Slashdot Mirror


Perils of DNS at RIPE-52

An anonymous reader wrote in to say that " The RIPE meeting got off to a good start yesterday (for those of you outside Europe, RIPE is the European counterpart to ARIN). Emin Sirer from Cornell presented his study of DNS vulnerabilities. The results are staggering: the average name depends on four dozen nameservers, 30% of domains are vulnerable to domain hijacks by simple script kiddies, 85% of domains are vulnerable to hijacks by attackers that can DoS two hosts. The lesson: DNS must be managed by professionals, and the pros have to pay attention to the DNS delegation graph when they set up name servers."

6 of 71 comments (clear)

  1. BIND false versions by caluml · · Score: 3, Interesting

    "The fbi.gov domain is served by two machines called dns.sprintip.com and dns2.sprintip.com. A client trying to resolve www.fbi.gov will first have to get to sprintip.com to find the FBI nameservers. The sprintip.com domain is in turn served by three machines named reston-ns[123].telemail.net. Of these machines, reston-ns2.telemail.net is running an old nameserver (BIND8.2.2-p5), with nine different known exploits against it (namely, tsig, libbind, negcache, sigrec, DoS_multi, srv, zxfr, infoleak and sigdiv0 exploits). Having compromised reston-ns2 using a standard crack tool available on the web, an attacker can divert a query for dns.sprintip.com to a malicious nameserver, which can then divert the subsequent query for www.fbi.gov to any other address, hijacking the FBI's web site and services." I bet that's not its real version. I configure my DNS servers to return funny values. (Sometimes. If I remember. And can be bothered.)

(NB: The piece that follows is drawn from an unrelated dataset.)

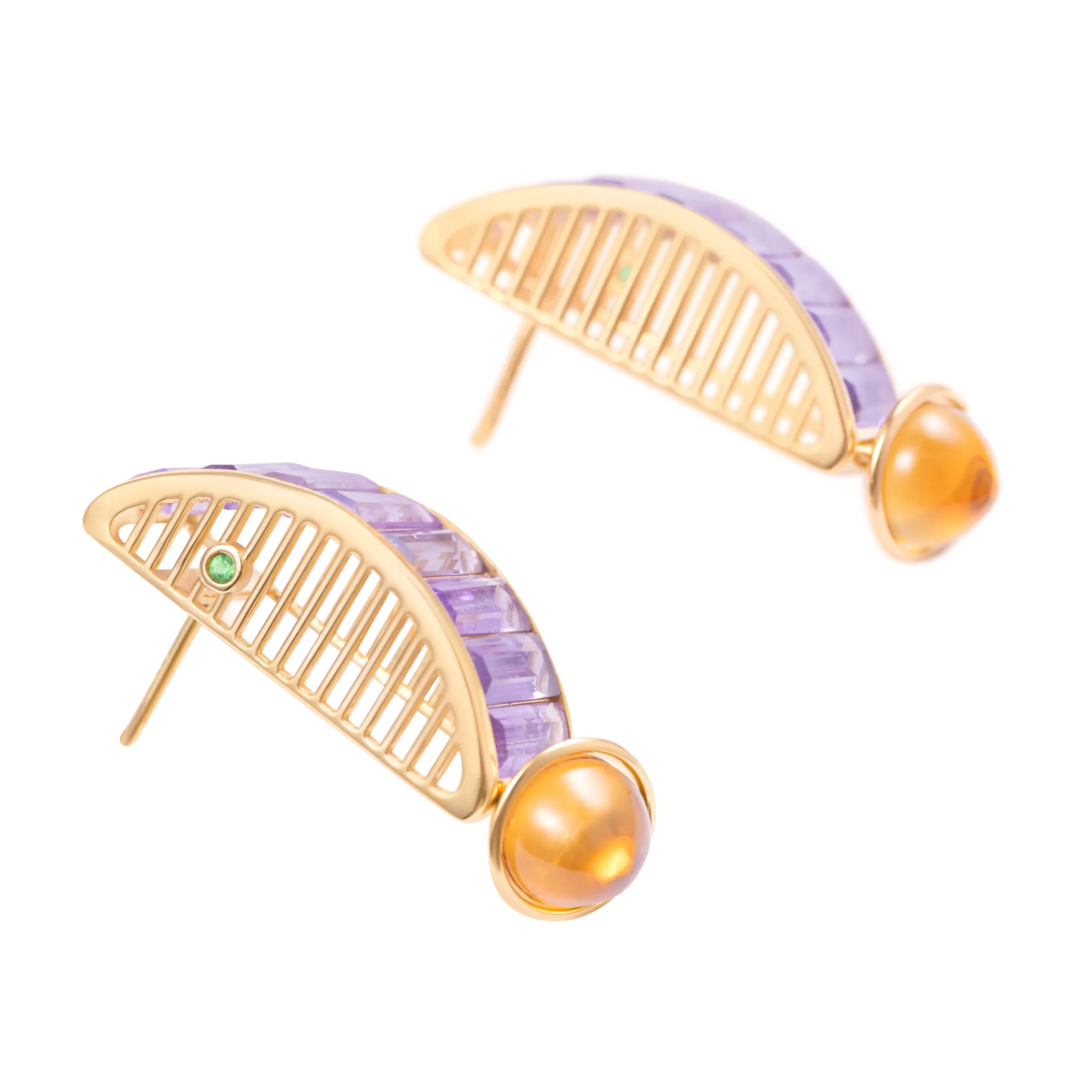 Iridia Amethyst Earrings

  2. dig is your friend. by caluml · · Score: 3, Interesting
    When I say dig, I don't mean Digg.
    dig +short +trace www.fbi.gov
    ... is your friend. Running that though, I get:
    ;; reply from unexpected source: 69.72.142.35#53, expected 205.247.218.251#53
    ;; Warning: ID mismatch: expected ID 14394, got 3338
    CNAME fbi.edgesuite.net. from server ns4.vericenter.com in 601 ms.
    Wonder what's going on there? Someone already trying it?
  3. Re:Associated paper with more details. by RedHat+Rocky · · Score: 3, Interesting

    There are a number of assumptions in the paper that are questionable:

    1. Nameservers give correct version information. This is not correct, some intentionally mislead.
    2. Nameservers of a certain version string all have certain vulnerabilities. This is not correct, there are dependencies on platform/OS. Also see 1.
    3. DNS Clients are dumb. What I mean here is that no credit is given to the DNS client for discarding incorrect information. Some clients will bypass certain cache poisoning.

    I appreciate what the paper is trying to say. Security vs usability is always a direct tradeoff. In the case of DNS, its biggest strength (massively distributed) is also its biggest security weakness.

    --
    Anything is possible given time and money.
  4. Someone just needs to want change bad enough. by I_redwolf · · Score: 2, Interesting

    The vulnerabilties of DNS have been expounded on forever, people already know this. The survey then goes on to point out how trust is an issue and for all that the conclusion of this survey is that cryptographic name to address bindings are key. That's only part of the solution.

    The bigger problem is clearly TRUST and can be alleviated if the DNS system was simply reimplemented. Easier said that done, yes, but a p2p with a trust metric system applied isn't overtly complicated and would scale. For instance, lets say you want example.com. It would be delegated when you register, propogated by it's trust amongst the root servers and the two or more namservers you've added when you've signed up. You then setup the trust system algo to prevent large attacks or changes.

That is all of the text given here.